Expecting a possible reset of ties between India and China in the wake of the ‘informal summit’ in Wuhan (April 27-28) between Prime Minister Narendra Modi and Chinese President Xi Jinping, but the outcome is uncertain. The Wuhan city was possibly chosen by Mr. Xi to showcase China’s progress. As Mr. Xi proceeds towards his next goal, ‘Made in China 2025’, he may also have wanted to demonstrate the wide gulf that seems to separate his programme from Mr. Modi’s own struggles to make a success of India’s ‘Make in India’ programme.
• India clearly viewed this ‘informal summit’ as a trust-building exercise, hoping to quietly sort out problems that existed between the two countries, including the vexed border issue.
• Mr. Modi used the occasion to convey his ideas on what was needed to be achieved, viz. a shared vision, a shared thought process, a shared resolve, a strong relationship and better communication, between the two countries.
• He further emphasised the importance of a global leadership role for both nations — two major powers linked by history across more than two millennia.
• He provided his vision of the Five Principles defining the relationship: Soch (thought), Sampark (contact), Sahyog (cooperation), Sankalp (determination) and Sapne (dreams).
• Both sides also reiterated the need to cooperate on counter-terrorism, and to strengthen the dialogue mechanism to deal with contentious issues and concerns.
• Both have agreed on the importance of maintaining peace and tranquillity in all areas of the India-China border.
• One outcome was to have more such summits, alongside an agreement between the leaders for provision of greater ‘strategic communications’ at the highest level.
• Another was the opportunity it provided to give ‘strategic guidance’ to the respective militaries to build trust and understanding for ‘prudent management of differences with mutual sensitivity’.
• A third was the agreement between India and China to work together jointly on an economic project in Afghanistan, with details to be worked out through diplomatic channels.
• On the border issue, the summit appears to have reinforced the validity of the April 2005 Document on ‘Political Parameters and Guiding Principles for the Settlement of the Boundary Question’, which was signed in the presence of then Prime Minister Manmohan Singh and the then Chinese Premier Wen Jiabao.
• This document happens to be one of the very few that implicitly acknowledges India’s claims to certain ‘disputed’ areas in the Arunachal sector of the India-China border.
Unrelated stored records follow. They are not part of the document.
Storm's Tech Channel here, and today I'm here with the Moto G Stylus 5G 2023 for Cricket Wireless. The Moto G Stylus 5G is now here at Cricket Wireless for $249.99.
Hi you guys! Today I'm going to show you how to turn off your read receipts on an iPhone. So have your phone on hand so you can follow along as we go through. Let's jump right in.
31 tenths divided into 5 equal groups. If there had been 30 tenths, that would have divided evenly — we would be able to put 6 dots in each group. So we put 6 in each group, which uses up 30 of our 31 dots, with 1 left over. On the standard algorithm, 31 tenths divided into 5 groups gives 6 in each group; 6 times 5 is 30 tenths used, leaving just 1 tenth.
Ever since signing on to the ‘Political Parameters and Guiding Principles’ in 2005, China has been trying to reinterpret the contents of the document.
• If the informal summit, as claimed by the Indian side, has endorsed adherence to the letter and spirit of the 2005 Agreement, it marks an important milestone in the settlement of the border issue.
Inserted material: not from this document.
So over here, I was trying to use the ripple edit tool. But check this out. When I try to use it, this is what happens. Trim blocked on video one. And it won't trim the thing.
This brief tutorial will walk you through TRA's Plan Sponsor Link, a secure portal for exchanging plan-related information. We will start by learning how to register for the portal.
• China is at a pivotal moment, having embarked on preparations for a pole position in the global sweepstakes.
• China currently has a vital role to play in the maintenance of peace in the Korean Peninsula, and in ensuring that the forthcoming Trump-Kim Jong-un talks are not jeopardised.
• The China-Russia equation today is much stronger than previously. China may be feared in East and South Asia, but no country here has the capacity to challenge China.
• It has established new equations in West Asia, including with Iran. In the South Asian neighbourhood, China is positioning itself as an alternative to India.
• Behind the rubric of a looming trade war between the U.S. and China — which is, without doubt, one of China’s major concerns — is China’s unstated struggle to redefine the rules governing economic and power relations worldwide.
• At a time when the U.S. is busy lining up the vast majority of Western democracies to checkmate China’s advance, the latter is equally anxious to build support in its favour in Asia and elsewhere to counter the U.S.
• No manifest concessions appear to have been made by China. The Doklam issue (which was not discussed at the summit) remains unresolved, with China still in the driving seat.
• There are no indications that China has softened its attitude vis-à-vis India’s position in Arunachal Pradesh, or that it will refrain from accusing India of further transgressions here.
• China’s penetration of India’s neighbourhood is set to continue, with special emphasis on countries such as Nepal and the Maldives.
• China again has not conceded anything with reference to the China-Pakistan Economic Corridor.
The Way Ahead
• Meanwhile, India should be concerned about Beijing’s defence budget for 2018. This is being increased by 8.1% over that of the previous year, and is in keeping with the decision of the Chinese 19th Party Congress (October 2017) to build a world class military.
• Mr. Li is on record that China would now focus on building strong naval and air defenses, bolstered by the infusion of high technology. This can only further encourage China to expand its activities in the Indian Ocean region.